MASONİK KAYNAKLARDA TAPINAKÇILAR
Aynı süreç, mason teşkilatının yayınladığı bir dergide ise şu şekilde anlatılmaktadır:
Bazı Tampliye (Tapınak) Şövalyeleri mason kılığına girer ve masonların arasına karışarak hayatlarını kurtarır. Bazıları, ülke dışına kaçabilmek için masonlara verdikleri 'Laissez Passer'leri kullanır. Bir kısım Tampliye İspanya'ya geçerek, Caltrava, Alcantara, Saint Jacques de I'Epee tarikatlarına katılır, diğer bir kısmı da, Portekiz'e geçip Ordre du Christ örgütüne dönüşür. Başka bir grup, Roma-Germen İmparatorluğu'na geçip Toton Şövalyelerine katılır. Oldukça büyük bir grup Hospitaliyelere iltihak eder. İngiltere'deki Tampliyeler bu olay sırasında önce tutuklanarak sorguya çekilir, ancak hemen serbest bırakılırlar. Hatta bazı ülkelerde haklarında hiçbir işlem yapılmaz.
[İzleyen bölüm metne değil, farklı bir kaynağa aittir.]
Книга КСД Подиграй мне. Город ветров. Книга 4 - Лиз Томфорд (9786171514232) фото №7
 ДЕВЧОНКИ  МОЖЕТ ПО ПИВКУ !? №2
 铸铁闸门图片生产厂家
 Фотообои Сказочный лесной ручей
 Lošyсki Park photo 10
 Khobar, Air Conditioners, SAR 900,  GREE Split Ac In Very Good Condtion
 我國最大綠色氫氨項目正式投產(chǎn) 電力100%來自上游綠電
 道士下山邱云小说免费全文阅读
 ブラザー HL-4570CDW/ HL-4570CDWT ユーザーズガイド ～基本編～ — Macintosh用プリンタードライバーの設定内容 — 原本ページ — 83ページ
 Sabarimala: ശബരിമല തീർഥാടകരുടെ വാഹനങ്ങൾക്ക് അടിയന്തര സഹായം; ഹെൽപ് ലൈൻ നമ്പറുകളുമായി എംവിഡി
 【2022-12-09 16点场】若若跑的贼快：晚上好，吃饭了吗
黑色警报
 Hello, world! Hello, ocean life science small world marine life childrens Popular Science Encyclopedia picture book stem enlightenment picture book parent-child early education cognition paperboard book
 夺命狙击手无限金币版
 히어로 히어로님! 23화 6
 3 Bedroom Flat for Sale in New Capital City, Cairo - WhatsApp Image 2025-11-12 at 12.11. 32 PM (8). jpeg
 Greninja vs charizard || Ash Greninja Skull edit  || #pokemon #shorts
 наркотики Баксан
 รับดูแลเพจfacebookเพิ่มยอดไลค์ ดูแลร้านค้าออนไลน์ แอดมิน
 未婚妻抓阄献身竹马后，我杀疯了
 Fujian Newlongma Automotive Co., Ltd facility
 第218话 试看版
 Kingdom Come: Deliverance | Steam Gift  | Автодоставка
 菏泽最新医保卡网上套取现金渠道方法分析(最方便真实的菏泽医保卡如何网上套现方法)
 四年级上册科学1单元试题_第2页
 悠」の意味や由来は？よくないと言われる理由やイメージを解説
Tampliyeler, 1804 yılına kadar, yani Bernard-Raymond Fabre Palabrat de Spolete bu tarikatın yeniden büyük üstadı oluncaya kadar, tarih sahnesinden çekilmiş görünür. Bu kişinin 1814'de yaptığı tesadüfi keşif çok ilginçtir. Spolete, 1814 yılında Paris'te, Seine nehri kıyısındaki sahafların tezgahlarında bir el yazmasına rastlar. Grekçe el yazmasında Yuhanna İncili'nin bir tefsiri yer almaktadır. İncil'in son iki kısmı yoktur. Onun yerine üçgenlerle ayrılmış bazı açıklamalar bulunmaktadır. Bu kısımları dikkatle tetkik ettiğinde, bunun Tampliyelerin 5. büyük üstadı Bertrand de Blanchefort (1154)'den başlamak üzere, 22. büyük üstadı Jacques de Molay'a ve devamla, 23. büyük üstad Larmenius de Jerusalem (1314)'den Claude-Mathieu Radix de Chevillon (1792)'a kadar uzanan bütün Tampliye büyük üstadlarını kapsayan bir liste olduğunu anlar. Bu belgeden, Jacques de Molay'ın büyük üstadlık görevini Larmenius de Jerusalem'e vasiyet ettiği varsayılır. Bu da Tampliyelerin hiçbir zaman ortadan kalkmamış olduğunun kanıtı sayılır. Nitekim, günümüzdeki Tampliyeler aynı zamanda birer hürmasondur.